Apple in China, Anti-Terror Agreement, Overseas Chinese Troops, and More
  • ​​Apple, Inc., on Wednesday said it is setting up its first data center in China, in partnership with a local Internet services company, to comply with tougher cybersecurity laws introduced last month by Chinese officials. The U.S. technology company said it will build the center in the southern province of Guizhou with data management firm Guizhou-Cloud Big Data Industry Company Ltd (GCBD). Apple is the first foreign firm to announce amendments to its data storage for China following the implementation of a new Chinese cybersecurity law on June 1 that requires foreign firms to store data within the country.

  • The United States and Qatar signed an agreement on Tuesday aimed at combating the financing of terrorism. U.S. Secretary of State Rex Tillerson said the agreement signed with his Qatari counterpart, Sheikh Mohammed bin Abdulrahman al-Thani, had been under discussion for weeks. "The memorandum lays out a series of steps that each country will take in coming months and years to interrupt and disable terror financing flows and intensify counter terrorism activities globally," Tillerson said.

  • China has dispatched troops to Djibouti in advance of formally establishing the country's first overseas military base. Two Chinese Navy warships left the port of Zhanjiang on Tuesday, taking an undisclosed number of military personnel on the journey across the Indian Ocean. The state-run Global Times said the main role of the base would be to support Chinese warships operating in the region in anti-piracy and humanitarian operations.

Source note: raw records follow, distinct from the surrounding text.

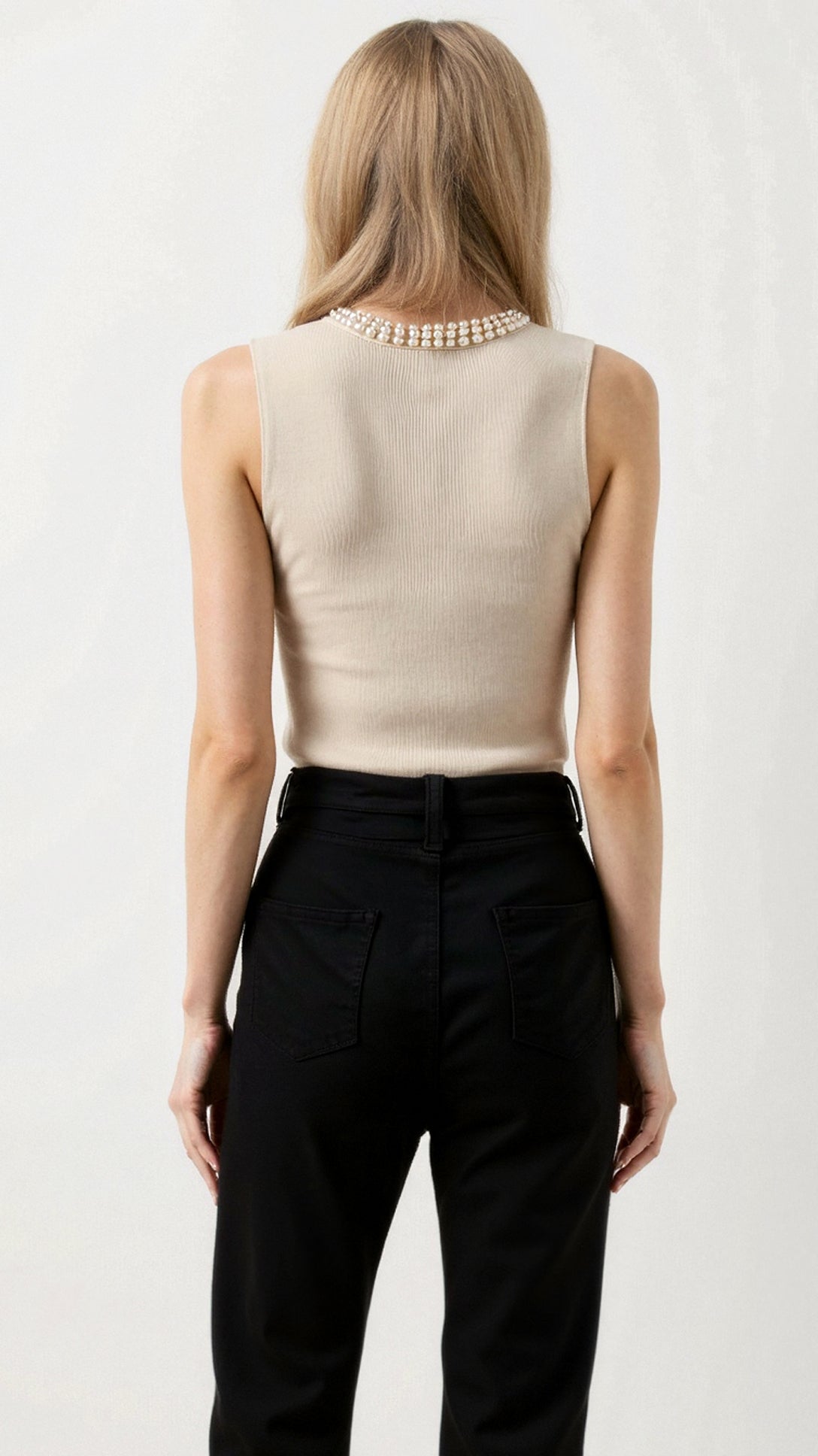 Rosalba Sleeveless Top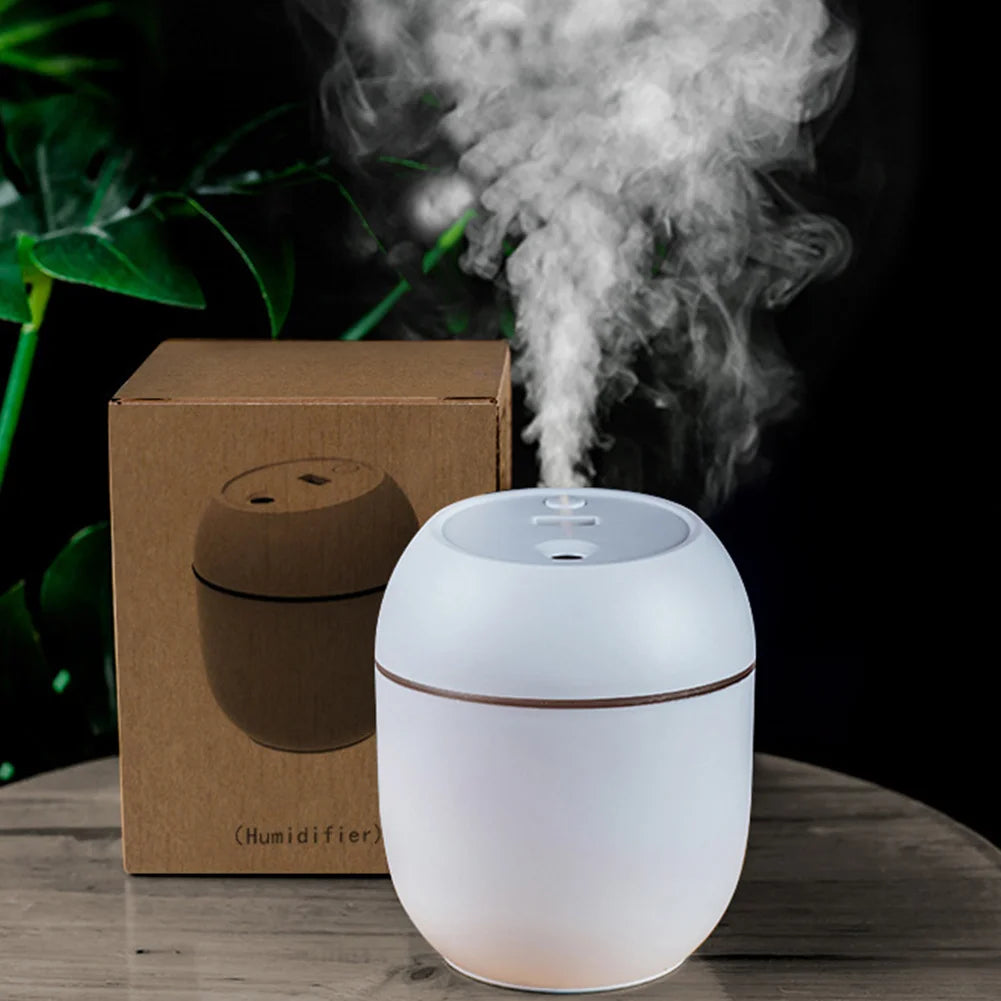 USB Mini Humidifier With Aroma Diffuser And LED Light - Smarsty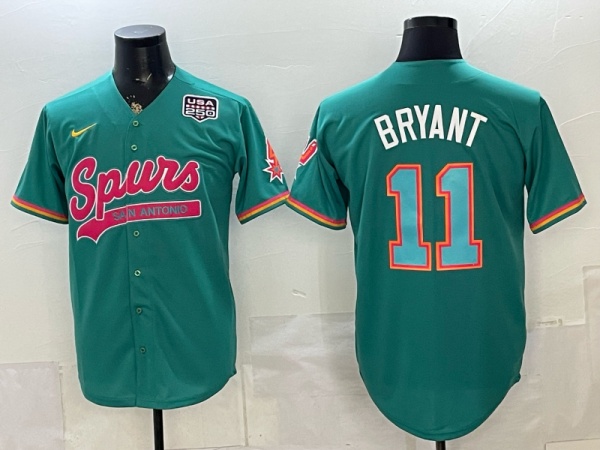 San Antonio Spurs Game Jerseys-0427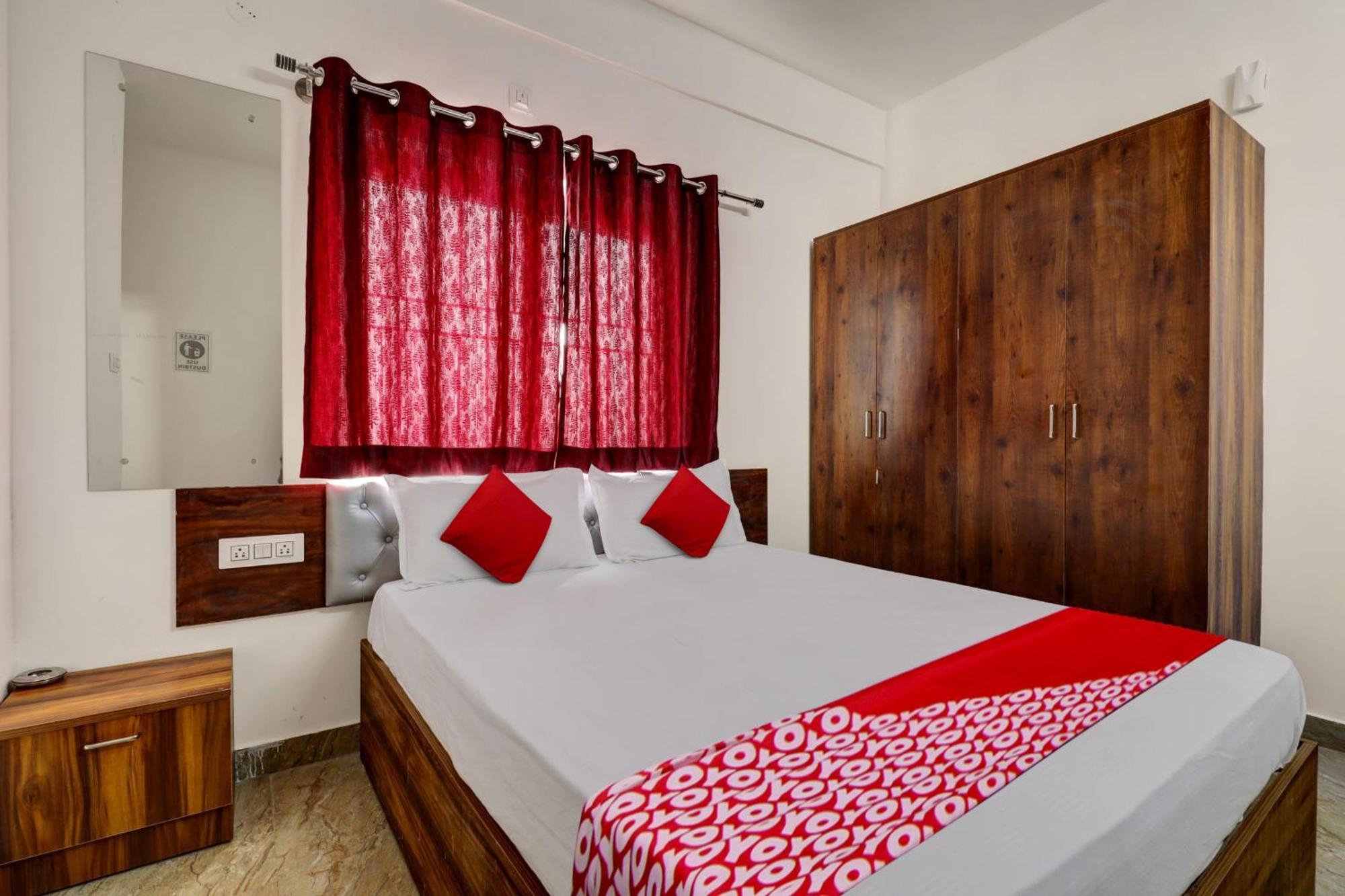 Hotel O Aishwarya Comfort Бангалор Экстерьер фото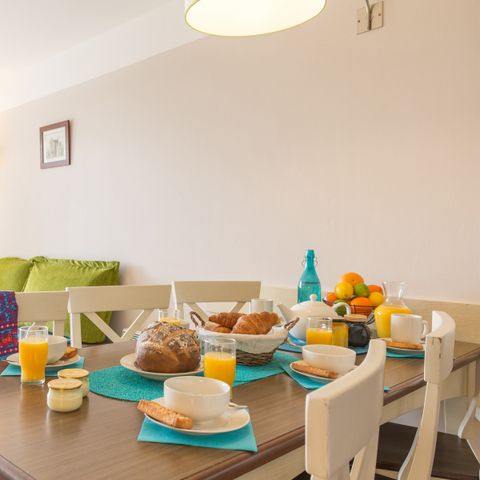 APPARTEMENT 6 personen - - 1 bedrooms + 1 sleeping alcove - Duplex - Terrace or balcony - Quartier de Hameau district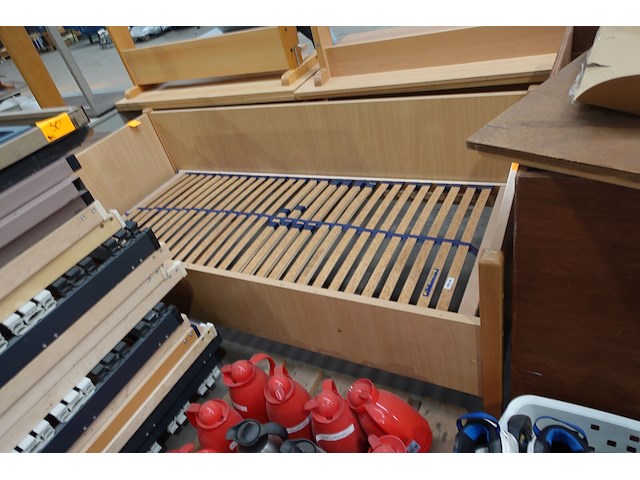 3x bed & 18 x lattenbodem - afbeelding 3 van  4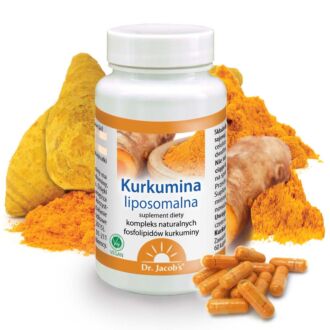 Dr. Jacob's Kurkumina liposomalna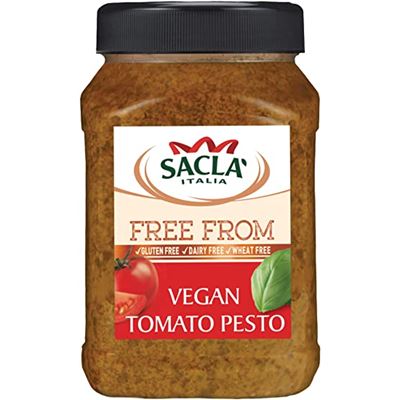 Sacla Free From Vegan Pesto rajčatové 950 g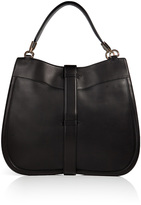 Thumbnail for your product : Ferragamo Leather Enny Tote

  • The top military commander leading the U.S. fight against the Islamic State (ISIS) says there is no evidence that ISIS leader Abu Bakr al-Baghdadi is alive, Politico reported. The Syrian Observatory for Human Rights group told Reuters on Tuesday that it had confirmed information that the ISIS Islamic leader had been killed, but ISIS itself has also not released any statements, as they have when high-profile militants have been killed in the past. Shy of confirming the death, Army Lt. Gen. Stephen Townsend told a group of reporters that there was no evidence to suggest that al-Baghdadi, who once led ISIS fights to capture entire cities in Iraq and Syria, is alive.